He still wanted to die.
But at least his mind was clearer.
He knew, now, something was wrong with that place.
Something was keeping him away.
Not just distance. Not exhaustion.
Something fundamental.
Magic, maybe. Authority. Reality manipulation... something...
Or maybe even just the miasma in the air. Perhaps if he had woken up hours earlier, he could've just waltzed toward the tower before the witch's miasma replaced the emptiness that Reinhard's attack had brought about during his fight with Pride.
Regardless, he couldn't do that. But that was fine. Even if it meant it'd be more difficult.
He had infinite tries after all.
So—
Once more..
He walked.
And this time—
The world responded.
Not gently.
Not kindly.
But violently.
The air around him rippled.
Pressure pressed down, slow at first, like invisible hands pushing against his body. Then stronger. Heavier. The very fabric of the world groaned around him.
His knees bent slightly.
He gritted his teeth.
"U-Urghk—!"
Then the sand exploded into him with the face of a storm.
A fake wind whipped into being—but not wind. Not natural. Not even elemental.
It had weight, physical, it felt as if a pressure was pushing against his entire body like his body weight doubled.
Subaru staggered, shielding his eyes with a raised forearm. Cursed energy flickered into his limbs, reinforcing skin and bone—but even that wasn't enough.
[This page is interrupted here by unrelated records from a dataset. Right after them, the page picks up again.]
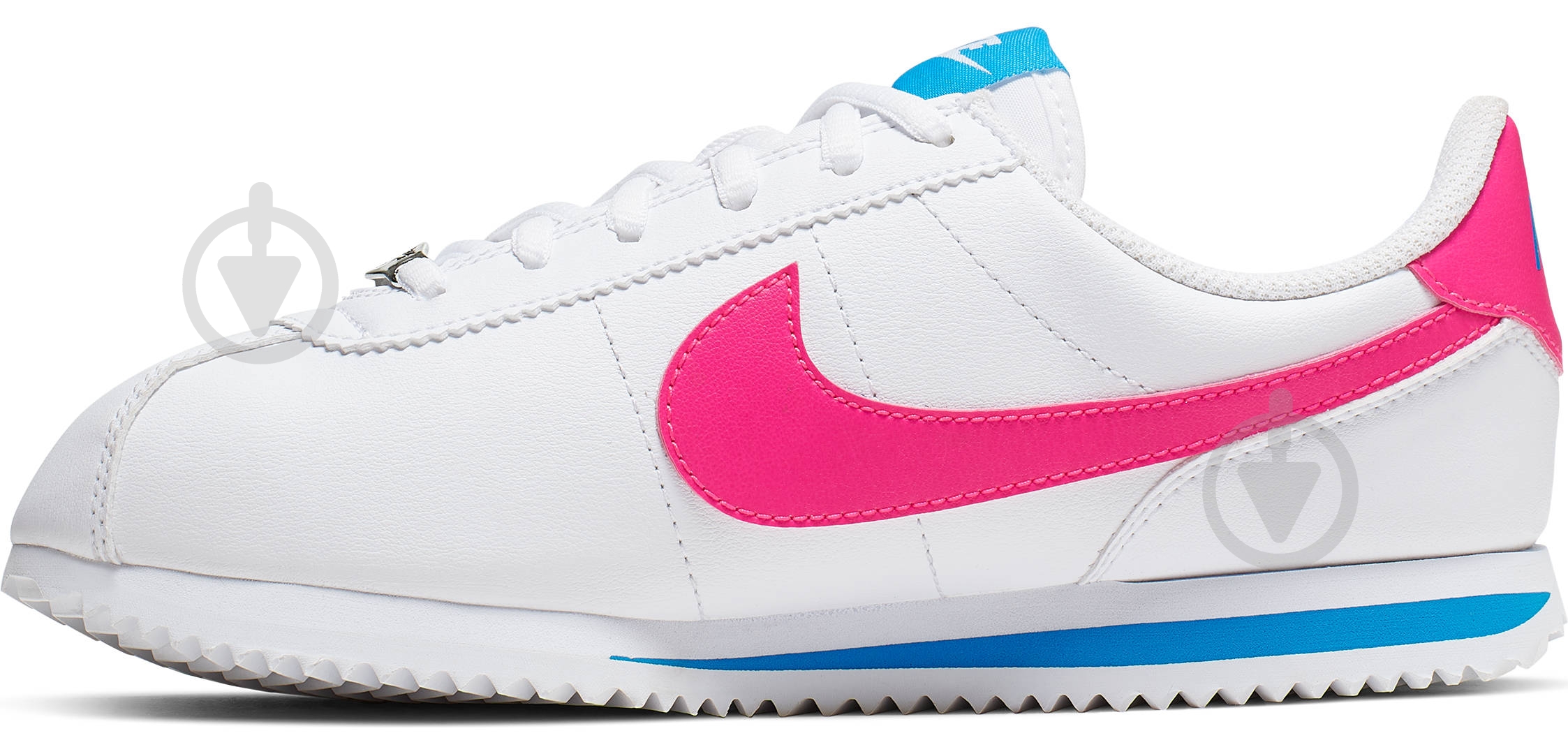 Кросівки для хлопчиків Nike CORTEZ BASIC SL BG 904764-107 р.40 білі - фото 5 Кросівки для хлопчиків Nike CORTEZ BASIC SL BG 904764-107 р.40 білі - фото 5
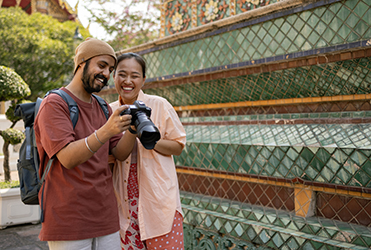 couple traveling internationally 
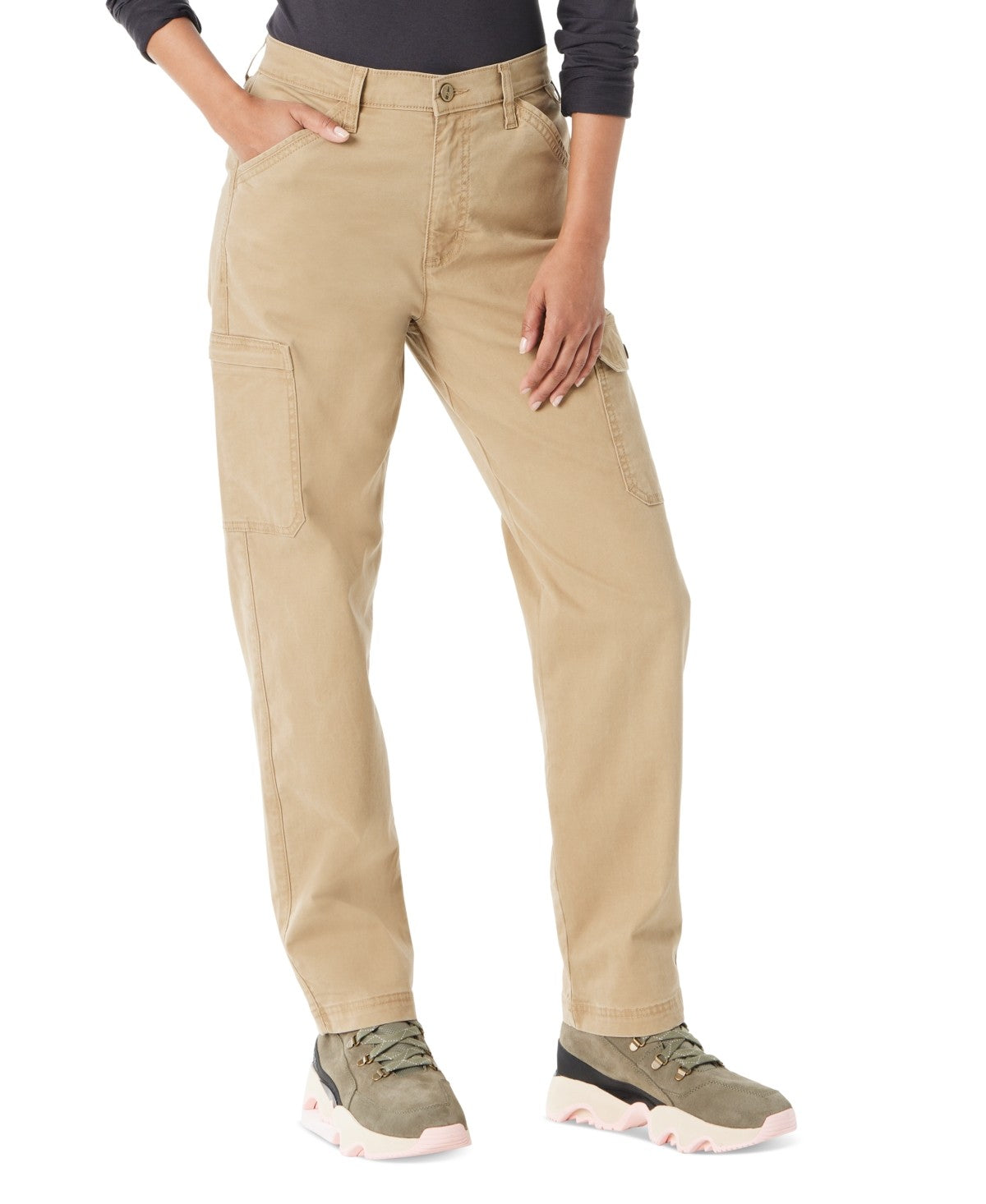 Bass Outdoor Women Slim fit Cargo Pants 14 / 30 Brown Solid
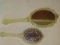 Early Bakelite(?) Handled Mirror & Brush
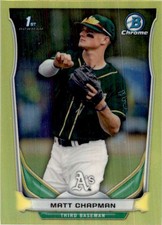 Matt Chapman 2014 Bowman Prospect Yellow Mini Chrome Refractor #269 2/25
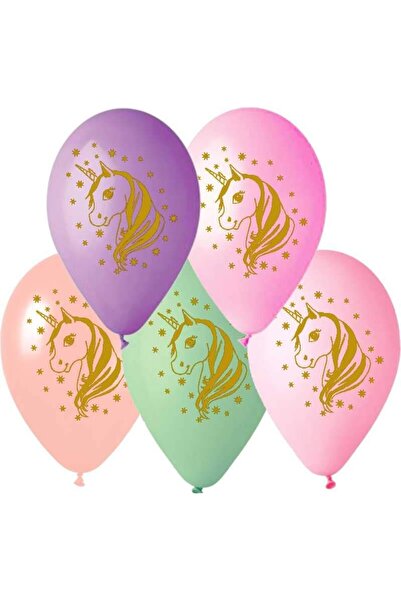 Generic Brand 12" Μπαλόνι τυπωμένο Μονόκερος (25 τεμ)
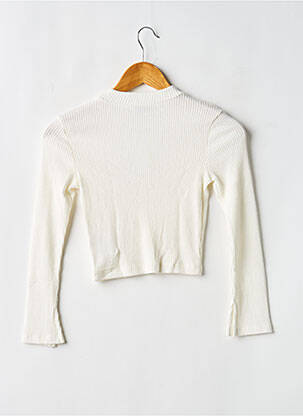 Pull stretch manches longues blanc TIFFOSI fille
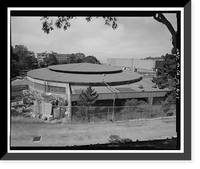Historic Framed Print, University of California Radiation Laboratory, Bevatron, 1 Cyclotron Road, Berkeley, Alameda County, CA - 69,  17-7/8" x 21-7/8"
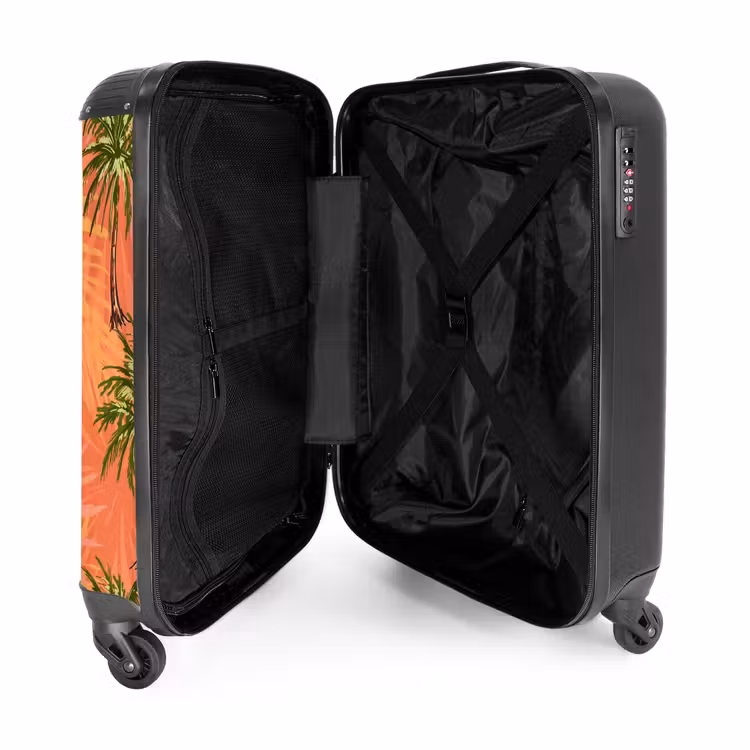 Valise - Palmiers sur fond lumineux. — 4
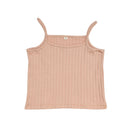 Coline Maille Pointelle Amande tank top - Child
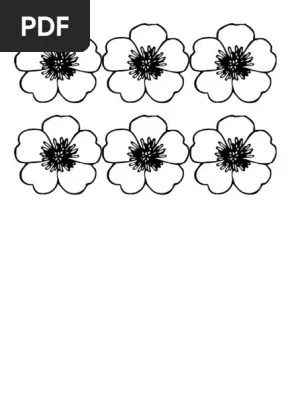 Lukisan bunga raya bunga kebangsaan flower pictures flower drawing black and white flowers. Template Bunga Raya Hiasan Keceriaan Pdf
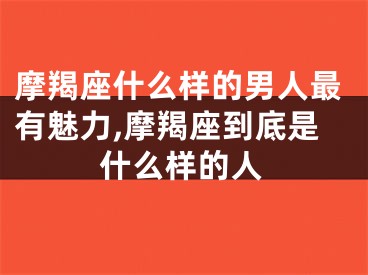 摩羯座什么样的男人最有魅力,摩羯座到底是什么样的人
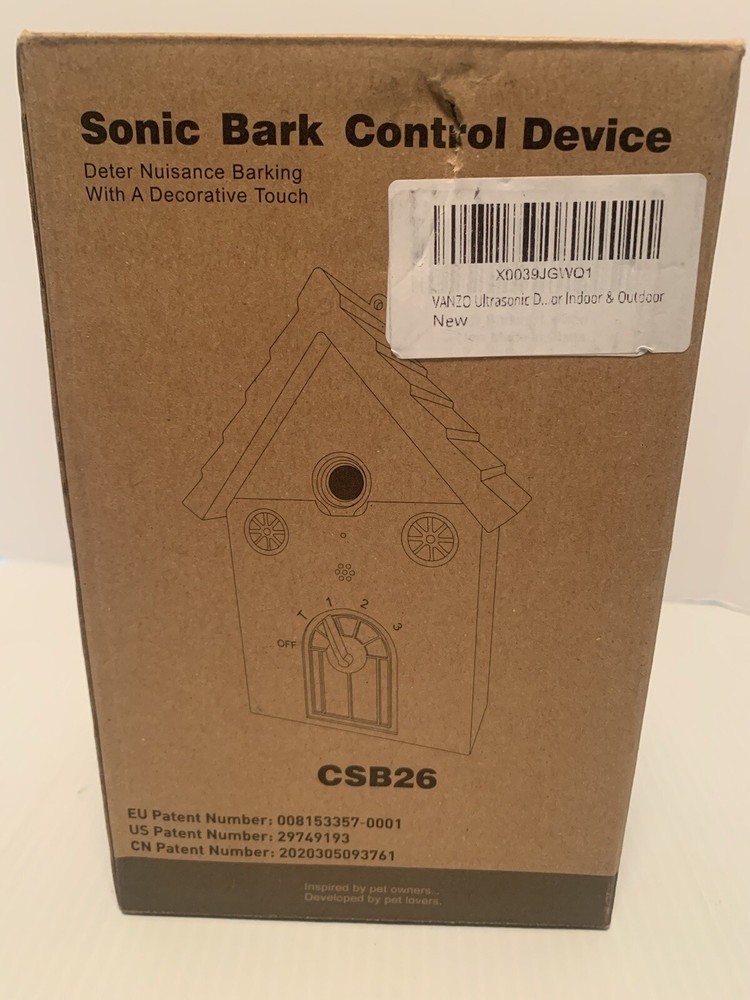 Sonic Outdoor Dog Bark Control Device:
His body was being torn apart by sheer pressure, glass and sand thrown at immense speeds into his body like unavoidable bullets.
The air screamed. Sand blasted every inch of his skin, slicing tiny cuts into him like thousands of needles.
He could barely breathe through the haze.
His thoughts slowed.
"…This isn't… wind…"
He forced his eyes open.
And saw—nothing through the haze.
No horizon. No tower. No sky.
Just a swirl of sand, space, and silence, all blending together in some kind of liminal non-place, something that shouldn't exist, but with the appearance of a mere sandstorm.
Time lost meaning.
It could've been ten seconds.
Or ten years.
Subaru couldn't tell, just that the very concept of time was irrelevant in wherever he had found himself.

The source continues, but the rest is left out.